One might ask why you would put something in the ordering list in Advanced only to partition on it by setting Restarting every. The answer lies in the sorting behavior. For example, if you want to know the top products for each market, you cant simply sort products by sales (which sorts based on sales for all markets). Instead, you sort Market,Product by sales. Then, when you partition on Market, the products within each of those Market partitions are still sorted by the sales within that market. Play around with it to see the difference.
Addressing is the compute along/over/by.
Partitioning is the grouping or scope of the calculation to some degree defined by the context of the calculation, since All dimensions not part of addressing are used for partitioning. Also includes dimensions (and discrete pills) on Level of Detail shelf (and Color shelf too?)
Restarting every moves the given field and those above it in the Advanced dialog to be partitioning.
Example of running sum of sales by product across several years:
product is partition, each new product creates a new returned value of sum of sales
date is address, sum of sales for each new date is added to the returned value for that partition
Where Ive been confused (I think) is that there are three things in table calcs, not two: partitioning, addressing, and what is being calculated
More notes from convo with Joe on 3/2012
I dont want to misrepresent Joes awesome knowledge here, if there are any mistakes in these notes from our conversation they are almost certainly mine.

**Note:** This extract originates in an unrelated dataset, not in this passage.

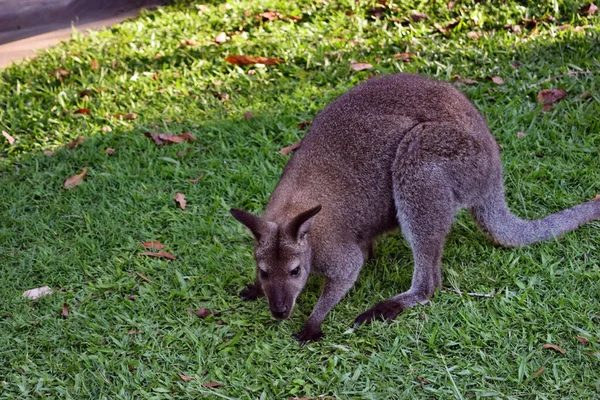 Ung Söt Vild Grå Wallaby Känguru Sitter Gräset Queensland Australien — Stockfoto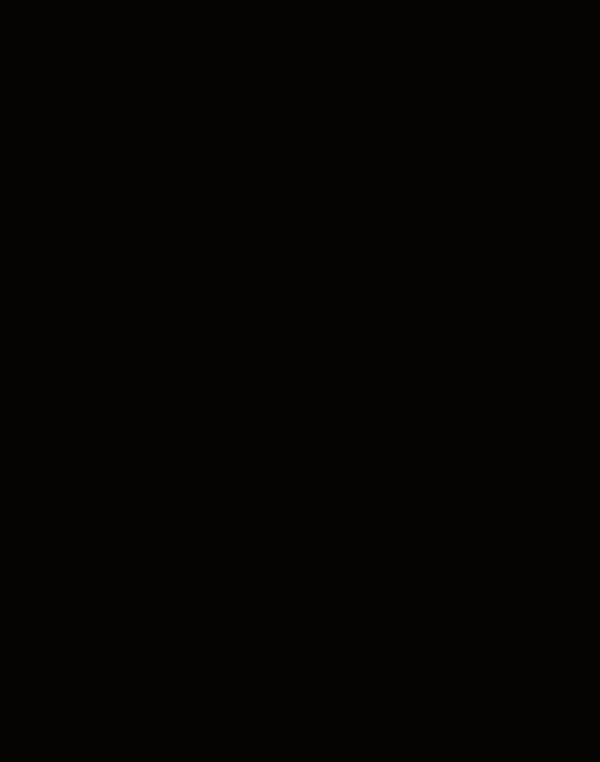 老龙河胡杨林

Table (Across), etc. do a visual sort base on the layout of the view. The results from Table (Across), etc. can sometimes be the same as what you can get by using Advanced Compute Using, they arent always. For example, you can have a complex sort set up in the view and Table (Across), etc. will work just fine, but you cant duplicate that sort using Advanced Compute Using because Advanced Compute Using creates a set of the fields in the Compute Using and then sorts that set along whatever is set in the Order Along.
This can be confusing because the English language description Tableau gives when you hover over the pill in the view can be the same for a Table (Across) and an Advanced Compute Using(), but the results will be different.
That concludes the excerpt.